◆ Task description
Using the records below, return exactly the lines from the one containing "Men Design Short" through the last, and omit pictures.

Segment Open

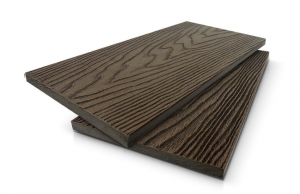 Подступенок из ДПК DORSUM венге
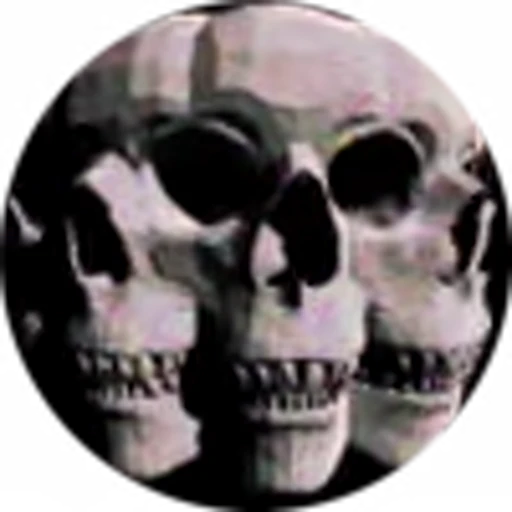 ☠ Эмодзи «the horror >» для Telegram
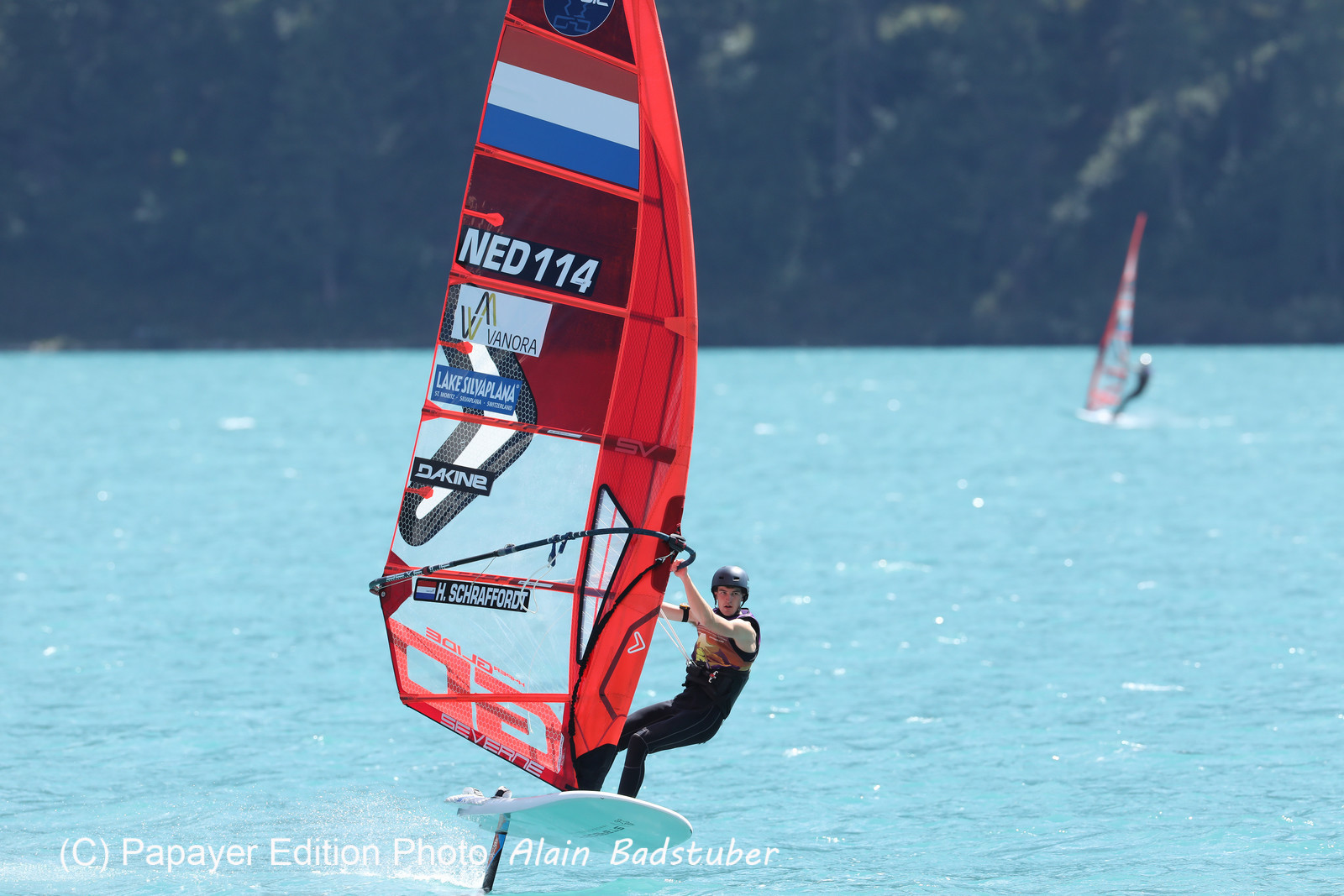 IQ-Foil Championnat du monde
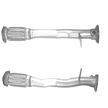 Autoteile BM CATALYSTS Abgasrohr für AUDI A8 4.2L Diesel | Euro 4 | OEM: 4E0254350R bei Autoteile TRUST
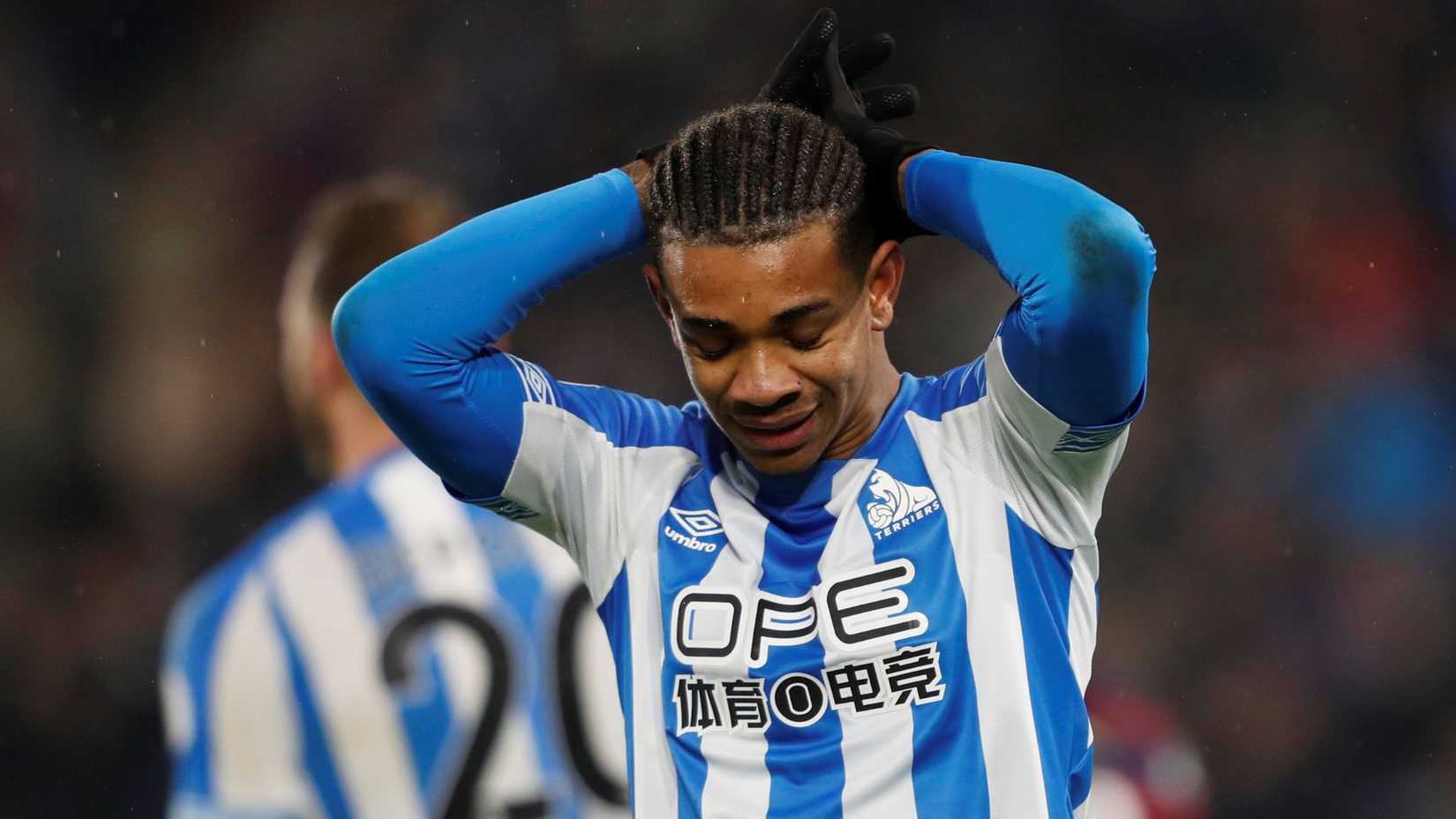 Birmingham City, Rangers ignored Huddersfield Town's Juninho Bacuna warning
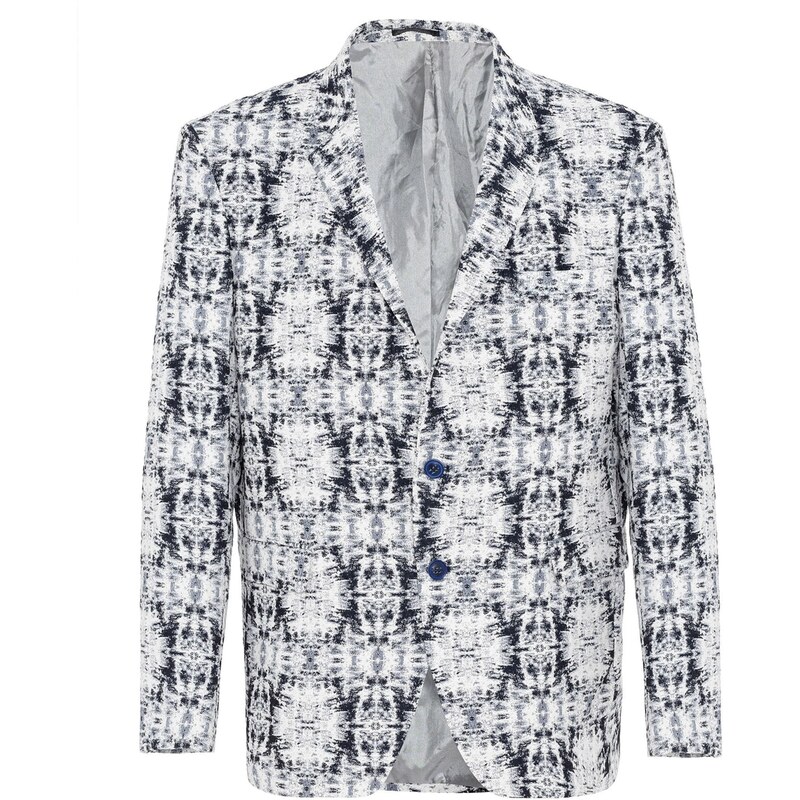 Daniel Hills Sako čierna / biela 65644065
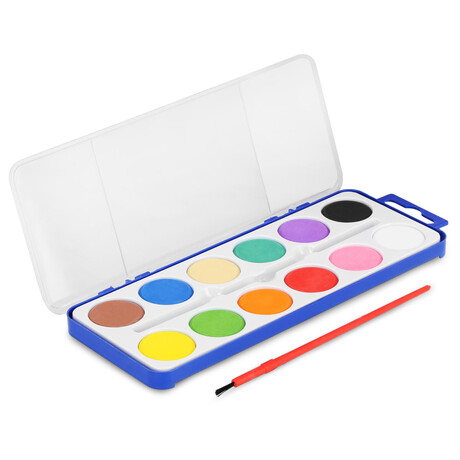 EASY WaterColours, 12barev (foto 1)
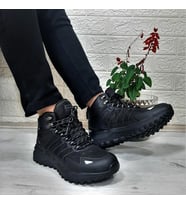 Jump 28680 Siyah Waterproof Kaymaz Taban Erkek Bot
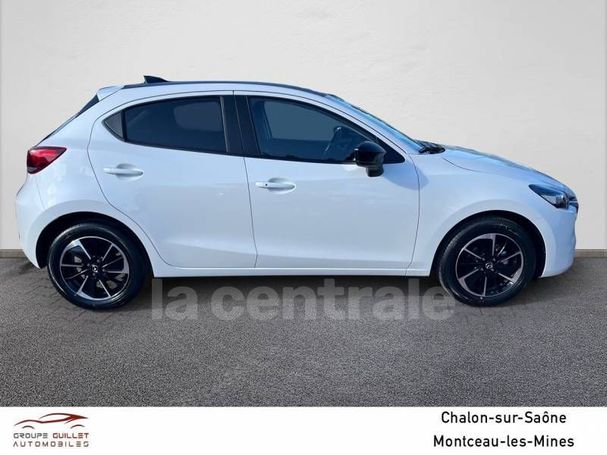 Mazda 2 SkyActiv-G 90 66 kW image number 4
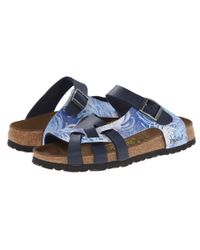 cross sandals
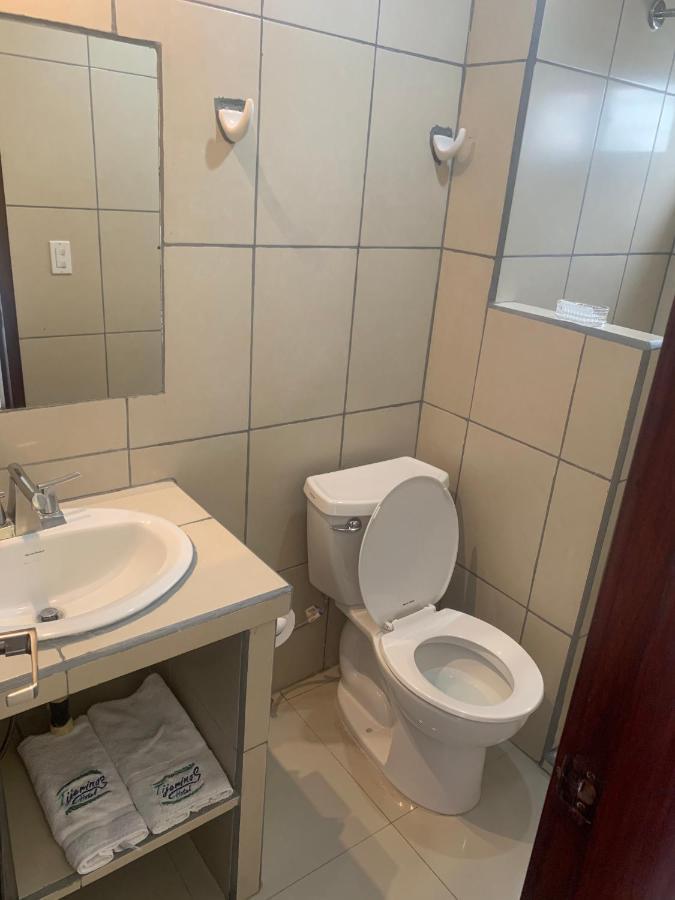 Hotel Tijerinos Boaco Εξωτερικό φωτογραφία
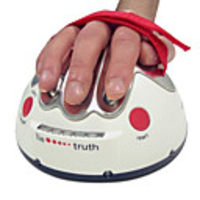 Electric Shock Lie Detector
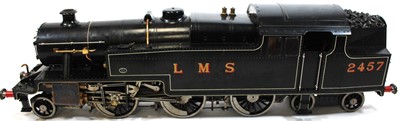 Lot 5 - A very fine example of a 3.5 inch gauge live...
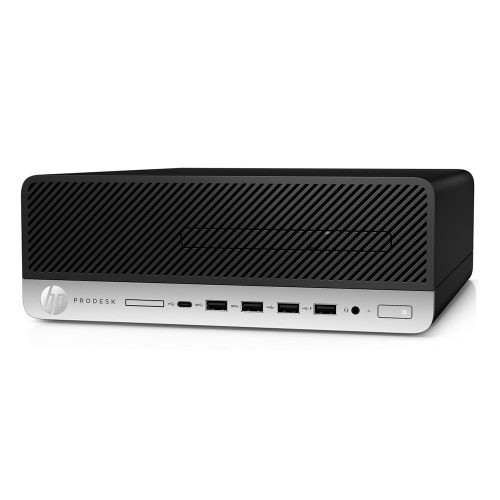 HP ProDesk 600 G3 SFF; Core i3 7100 3.9GHz/8GB RAM/256GB SSD;Intel HD Graphics/Win 10 Pro 64-bit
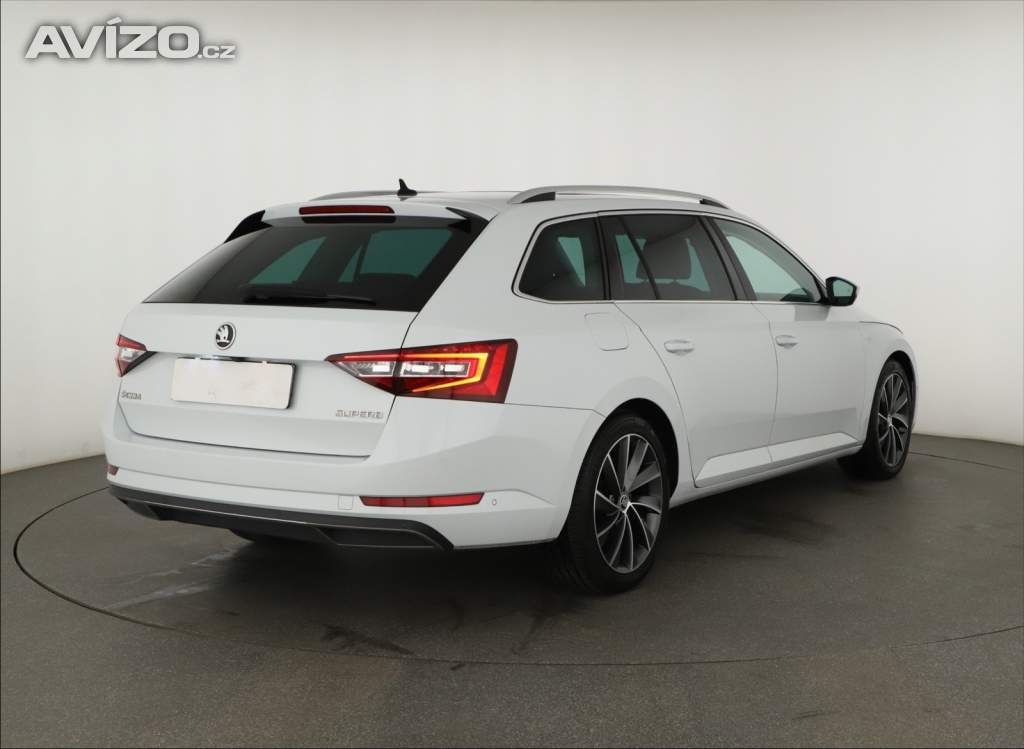 Foto inzerátu Škoda Superb 2.0 TDI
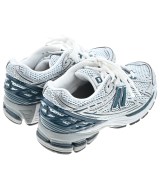 New Balance（ニューバランス）スニーカー シルバー サイズ:23cm レディース/2200651995269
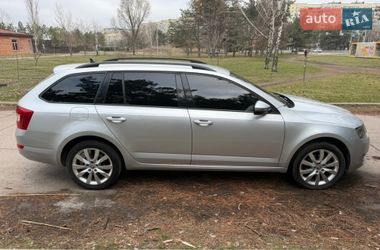 Универсал Skoda Octavia 2015 в Днепре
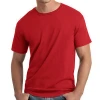 Men Design Short Sleeve Bulk Custom Printed T Shirts Blank T shirts In Bulk
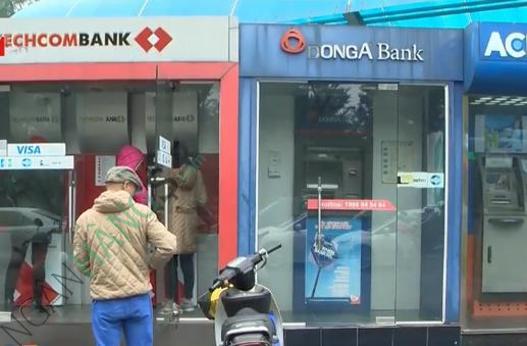 Ảnh Cây ATM ngân hàng Á Châu ACB Phan Đăng Lưu 1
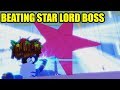 DEFEATING the STAR BOSS for the INVISIBLE BOAT | Roblox Mad City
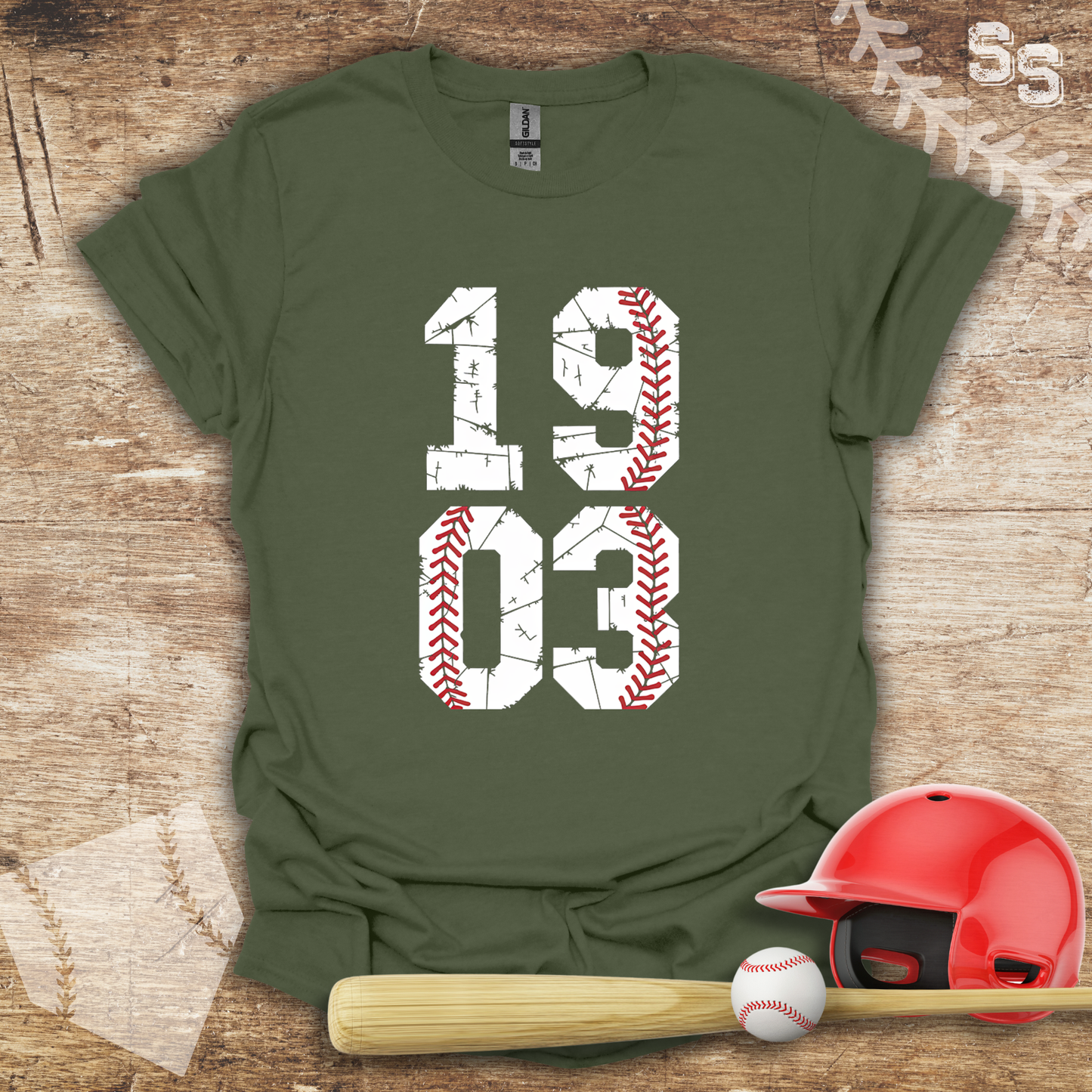 1903 Distressed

Segment Closed

◆ Result for this exercise
 Men Design Short Sleeve Bulk Custom Printed T Shirts Blank T shirts In Bulk
 Ảnh Cây ATM ngân hàng Á Châu ACB Phan Đăng Lưu 1
 DEFEATING the STAR BOSS for the INVISIBLE BOAT | Roblox Mad City
 1903 Distressed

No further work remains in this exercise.